Given data -
────────────────
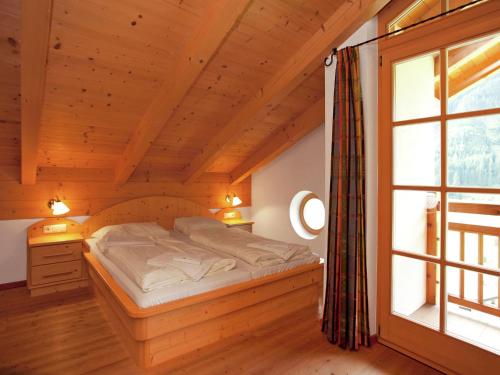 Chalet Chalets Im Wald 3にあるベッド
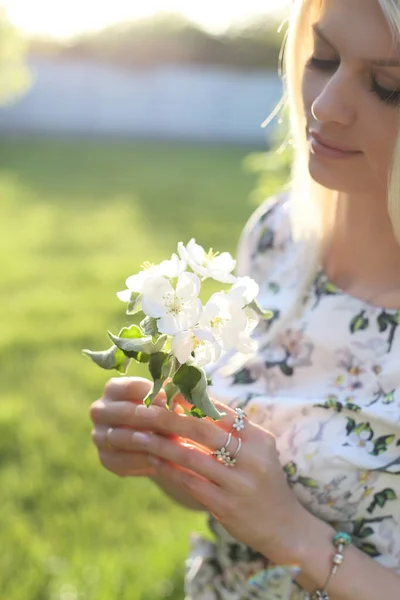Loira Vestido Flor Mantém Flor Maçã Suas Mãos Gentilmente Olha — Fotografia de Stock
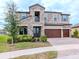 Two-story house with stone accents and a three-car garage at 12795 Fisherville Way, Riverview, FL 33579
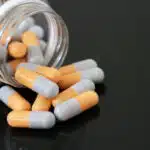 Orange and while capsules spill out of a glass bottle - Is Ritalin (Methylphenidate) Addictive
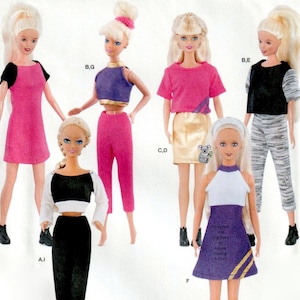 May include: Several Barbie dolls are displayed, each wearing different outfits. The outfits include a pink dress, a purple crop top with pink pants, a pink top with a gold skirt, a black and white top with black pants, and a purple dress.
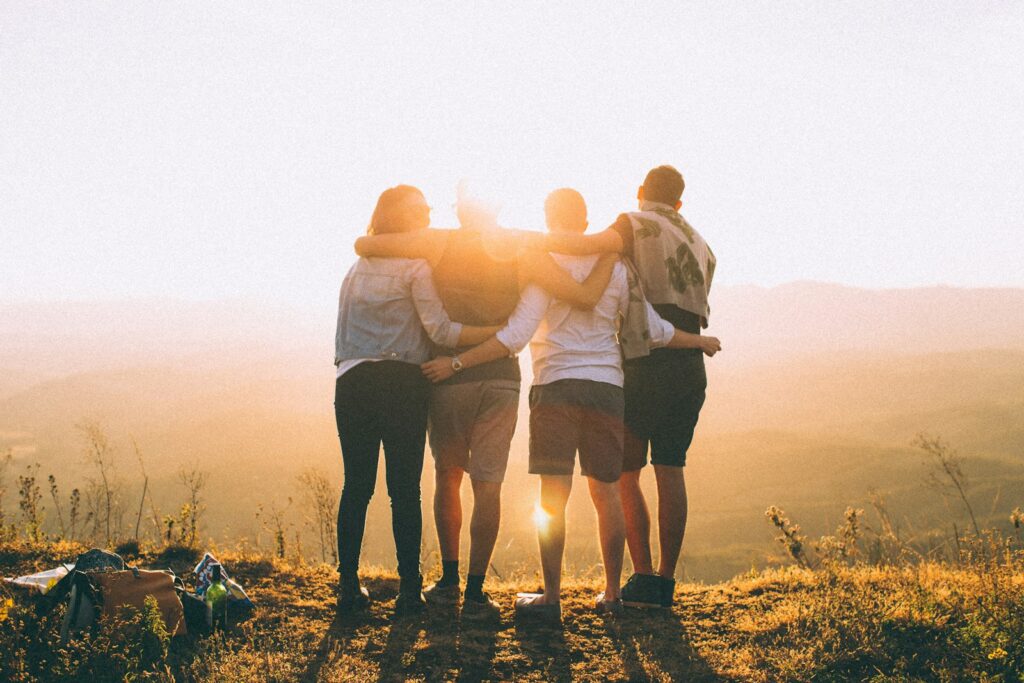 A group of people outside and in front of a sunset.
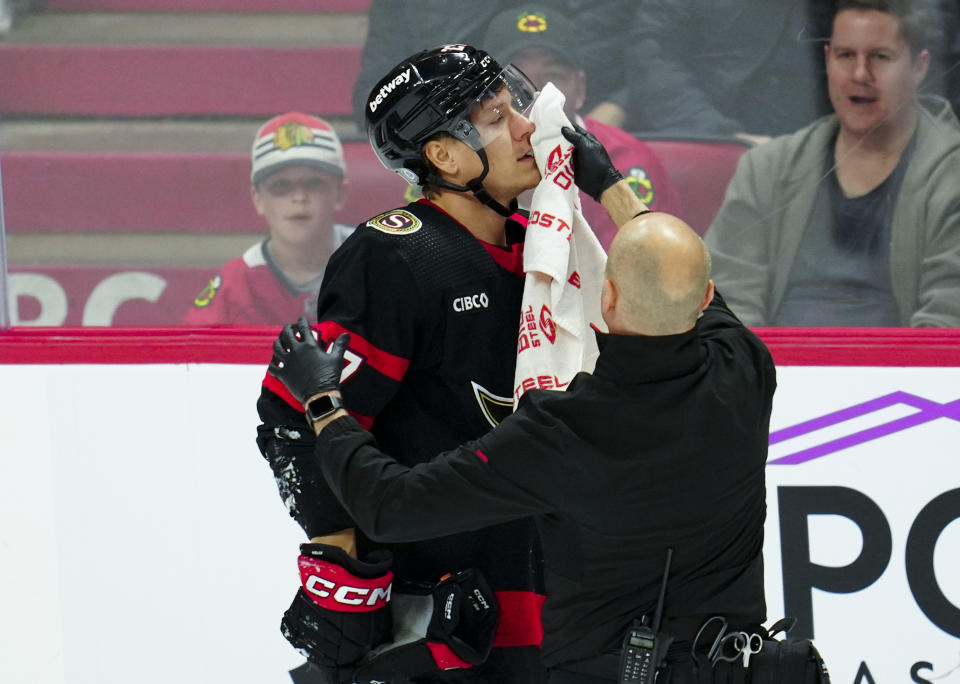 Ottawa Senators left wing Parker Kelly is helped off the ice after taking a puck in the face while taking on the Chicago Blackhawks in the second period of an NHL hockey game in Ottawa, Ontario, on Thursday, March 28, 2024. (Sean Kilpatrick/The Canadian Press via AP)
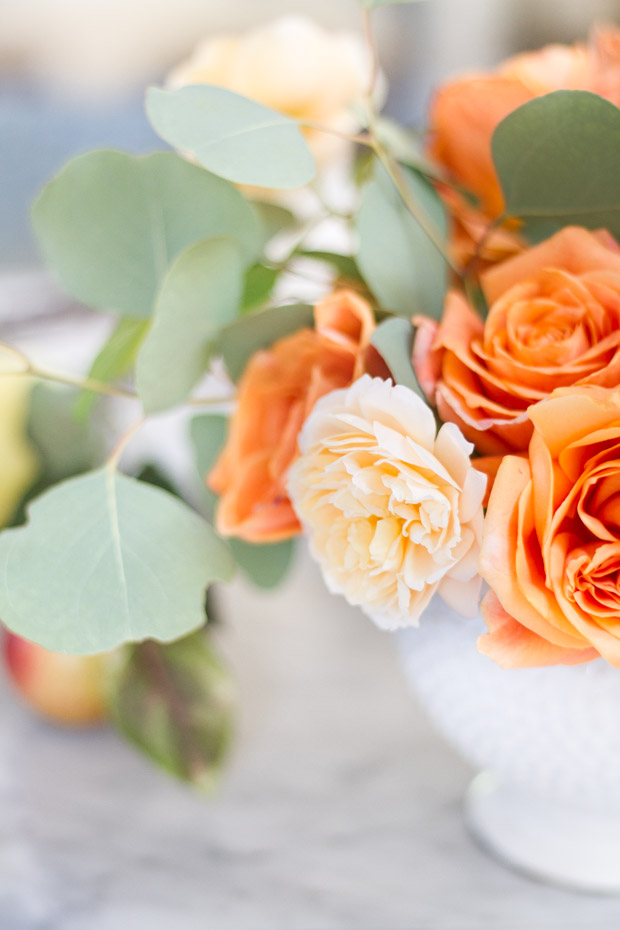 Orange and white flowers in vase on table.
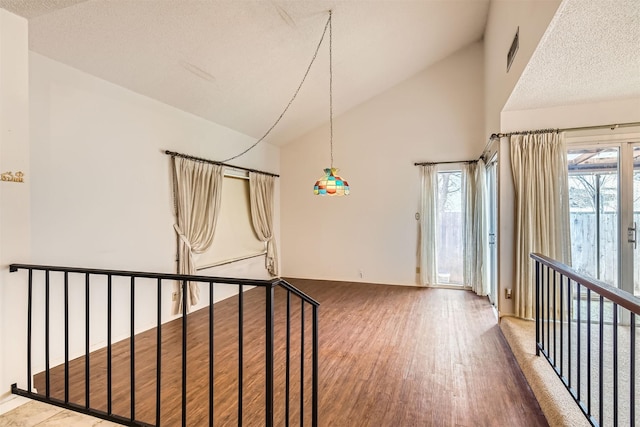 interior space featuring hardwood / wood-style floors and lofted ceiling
────────────────
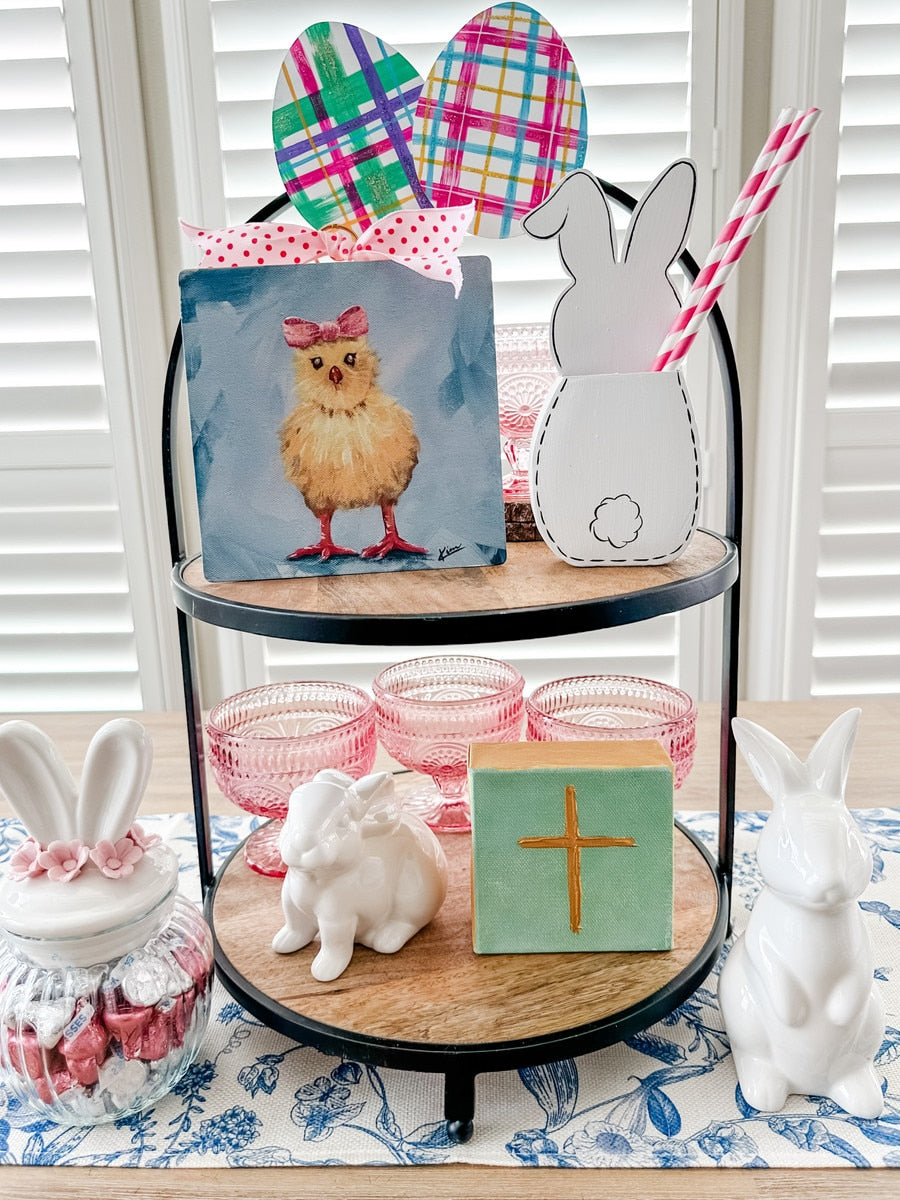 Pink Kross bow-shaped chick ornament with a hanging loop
────────────────
Each line from the one that contains "Orange and white flowers in vase on table." down to the one that contains "interior space featuring" is to be returned exactly as it stands above, both ends included, with pictures removed.

 Orange and white flowers in vase on table.
 interior space featuring hardwood / wood-style floors and lofted ceiling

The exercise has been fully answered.